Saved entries
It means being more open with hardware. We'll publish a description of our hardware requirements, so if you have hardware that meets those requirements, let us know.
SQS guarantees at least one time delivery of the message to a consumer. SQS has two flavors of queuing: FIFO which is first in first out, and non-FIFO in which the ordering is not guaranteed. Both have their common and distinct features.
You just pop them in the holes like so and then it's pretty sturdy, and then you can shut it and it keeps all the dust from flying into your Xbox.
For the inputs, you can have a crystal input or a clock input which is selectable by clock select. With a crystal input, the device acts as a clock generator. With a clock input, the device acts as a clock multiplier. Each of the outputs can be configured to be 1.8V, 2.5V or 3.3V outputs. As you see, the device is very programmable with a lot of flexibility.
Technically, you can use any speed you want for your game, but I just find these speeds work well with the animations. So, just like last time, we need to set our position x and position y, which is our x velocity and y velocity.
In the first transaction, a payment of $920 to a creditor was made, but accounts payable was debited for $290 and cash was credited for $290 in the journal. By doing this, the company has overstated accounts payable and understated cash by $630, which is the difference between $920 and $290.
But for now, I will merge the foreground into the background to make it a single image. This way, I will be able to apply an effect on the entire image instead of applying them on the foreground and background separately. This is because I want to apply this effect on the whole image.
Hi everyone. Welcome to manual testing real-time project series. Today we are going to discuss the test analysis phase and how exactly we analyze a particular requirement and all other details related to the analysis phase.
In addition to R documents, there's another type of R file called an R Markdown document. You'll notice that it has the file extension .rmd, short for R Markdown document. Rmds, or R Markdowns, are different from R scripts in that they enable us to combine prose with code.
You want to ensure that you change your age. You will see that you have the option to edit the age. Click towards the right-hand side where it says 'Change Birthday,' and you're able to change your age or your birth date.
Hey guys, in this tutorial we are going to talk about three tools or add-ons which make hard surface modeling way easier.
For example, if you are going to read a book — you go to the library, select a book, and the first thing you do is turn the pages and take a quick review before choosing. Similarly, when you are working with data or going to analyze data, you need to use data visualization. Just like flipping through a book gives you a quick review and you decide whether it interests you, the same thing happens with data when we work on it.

| ASSIGNMENT |
Taking the entries above, write out exactly each line from the one holding "For the inputs, you" to the one holding "In the first", both included, and stop there.

| EXPECTED ANSWER |
For the inputs, you can have a crystal input or a clock input which is selectable by clock select. With a crystal input, the device acts as a clock generator. With a clock input, the device acts as a clock multiplier. Each of the outputs can be configured to be 1.8V, 2.5V or 3.3V outputs. As you see, the device is very programmable with a lot of flexibility.
Technically, you can use any speed you want for your game, but I just find these speeds work well with the animations. So, just like last time, we need to set our position x and position y, which is our x velocity and y velocity.
In the first transaction, a payment of $920 to a creditor was made, but accounts payable was debited for $290 and cash was credited for $290 in the journal. By doing this, the company has overstated accounts payable and understated cash by $630, which is the difference between $920 and $290.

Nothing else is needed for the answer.